Published in The Contemporary Review
October 2008
At first sight, viewed from the bottom of the valley, Kolahoi glacier looks like little more than a smear of Vaseline. I might not even have noticed it at first, if it wasn’t for the contrast with the dark rock of the surrounding mountain; I certainly wouldn’t have recognised it as a glacier. This is the first time I’ve seen a glacier. I suppose I imagined an enormous whiteness, sparkling in the sun. After two hard days of trekking, having negotiated roadblocks, strikes and military checkpoints to access this remote part of Kashmir, my initial reaction is one of disappointment. But given what we’re seeing here, perhaps this is an entirely appropriate response.
Even to my untrained eye, the glacier does not look healthy. It does not have the indomitable aspect I imagined such a vast swathe of ice would possess. Kolahoi glacier looks tired, slumped. It is not white, but mottled and blotched with dirty browns and greys. The wrinkled crevasses further up its incline lend the appearance of coagulated fat. It looks like something rotten. And it is.
The Jawahar Institute of Mountaineering, who are providing logistical support for this expedition, says that in 1985 the glacier’s snout stretched at least half a mile further down the valley. They should know: they used to train ice-climbers here. As we approach, I am shown even more recent evidence of the glacier’s retreat: a dark grey tidemark on the valley’s lower slopes, on which trees and grass have not yet rooted. The rocks haven’t had time to settle; the slopes are a loose, unstable moraine, trickling with water, prone to landslides. We must cross this tricky terrain in order to reach the west side of the glacier.

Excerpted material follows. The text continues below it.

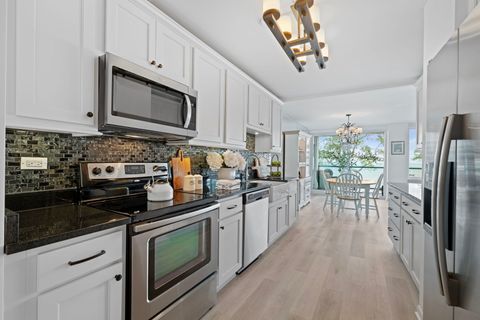 Tiny photo for 1630 Sheridan Road #2F, Wilmette, IL 60091 (MLS # 12457325)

This is a slow, treacherous route, which makes for exhausting progress. Professor Syed Iqbal Hasnain is a stout, white-haired gentleman in late middle age. “You have to have a passion for this work,” he says as we clamber over rubble and across fast-flowing streams of snowmelt, assisted on the more difficult stretches by accompanying local guides. Professor Hasnain’s passion is clear: Chairman of the Government of Sikkim’s Glacier and Climate Commission, and Senior Fellow at The Energy and Resources Institute (TERI), New Delhi, he has come to Kashmir to establish Kolahoi’s usefulness as a site of scientific study. He’s accompanied by Dr. Ghulam Jeelani, a geohydrologist from the University of Kashmir, and Dr. Lawrence Gunderson, an environmental historian and professor at the University of Jackson, Tennessee.

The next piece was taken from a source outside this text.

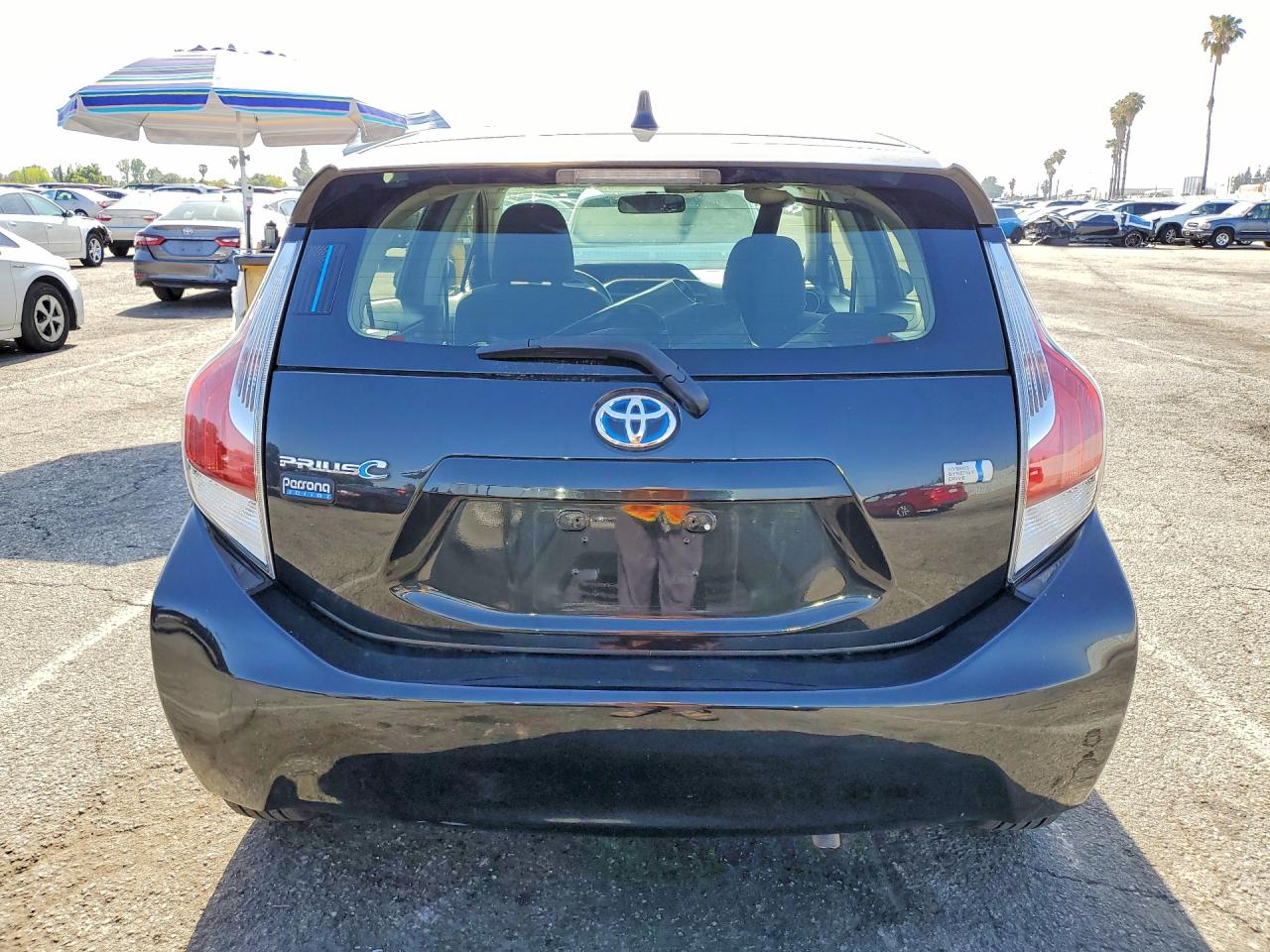 2016 TOYOTA PRIUS C PERSONA SPECIAL EDITION photo 11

TERI’s plan is to create an index of three benchmark glaciers that span the Himalayas from east to west – the others being East Rathong in Sikkim and Chhota Shigri in Himachal Pradesh – as part of a long-overdue attempt to monitor the rate of glacial decline right across the range. The project is funded by the Governments of Iceland and Norway, the German Development Agency (GTZ), the United Nations Environment Programme (UNEP) and the University of California, San Diego.
“The problem in the Himalayas is that this data has not been collected,” says Professor Hasnain, pointing out the contrast with countries like Switzerland, which has recorded glacial changes meticulously for over a hundred years. “There is a dearth of information in India. We have no time-series on temperature, humidity, rainfall, greenhouse gases or ABC [Atmospheric Brown Cloud, the industrial/agricultural smog that blankets much of South Asia and could be a factor in raising temperatures]. Various models suggest that heat is being generated by this, but we have to establish a scientific link.”

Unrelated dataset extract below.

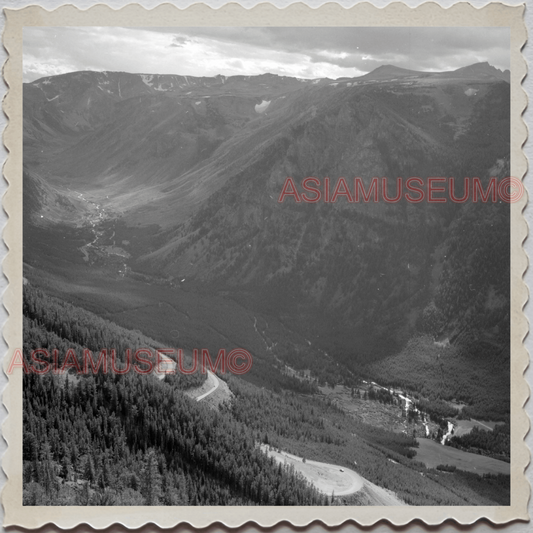 50s YELLOWSTONE NATIONAL PARK WYOMING MOUNTAIN ROAD LAKE VINTAGE USA Photo 9881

If conditions on Kolahoi are suitable, the Professor will return with a team in October to set up an automatic weather station here – recording the glacier’s mass balance and hydrology, plus possible effects of ABC – along with several discharge stations to monitor river-flow. The scientific process is slow: it will then take a minimum of five years to collect and correlate enough data, which can then be compared with global models and perhaps used to predict future trends.
But for now we have a more immediate concern: actually getting up there. We progress by trial and error, slipping and stumbling, sometimes being forced to retrace our steps. The reason the going is so tough is simply because this is unknown terrain. Despite Kolahoi’s crucial importance to the entire Kashmir Valley, no formal study has yet been conducted on the glacier’s state of health. This is, scientifically speaking, virgin territory.
Glaciers are, almost by definition, remote and hard to access. But in the case of Kolahoi, its isolation is due as much to politics as geography. Kashmir is still disputed land, and until very recently it hasn’t been safe enough to establish regular monitoring here. The Line of Control – the de facto border that separates Indian from Pakistani-controlled Kashmir – is only a few miles away, and these densely forested valleys and mountains are a favourite infiltration route for militants and foreign jihadis sneaking over the border. The pretty valley of Lidderwat, where we set up camp the first night surrounded by the soothing sound of cowbells, was the site of a kidnapping in 1995 in which a Norwegian tourist was decapitated. As the cowbells would suggest, the region is more peaceful now – given the number of troops in the valley, a better word might be ‘pacified’ – and Kashmir as a whole is safer than it has been for the past twenty years. But tensions are never far from the surface and violence can still erupt very quickly; the political landscape is as unstable as the rocks beneath our feet.
We wind our way painstakingly upwards, until at around 15,000 feet we have reached the point at which rock meets ice. Led by the energetic Dr. Jeelani, a few of us climb the final stretch until we have gained a vantage point. The glacier looks like a dirty, wrinkled rug, dropping steeply from a higher shelf to subside at a forty-five degree angle down to the valley floor. Far below bursts forth the glacial river, the colour of chocolate milk. The scale is almost too huge to take in. It takes the ever-cheerful and talkative Dr. Jeelani to explain what we’re looking at.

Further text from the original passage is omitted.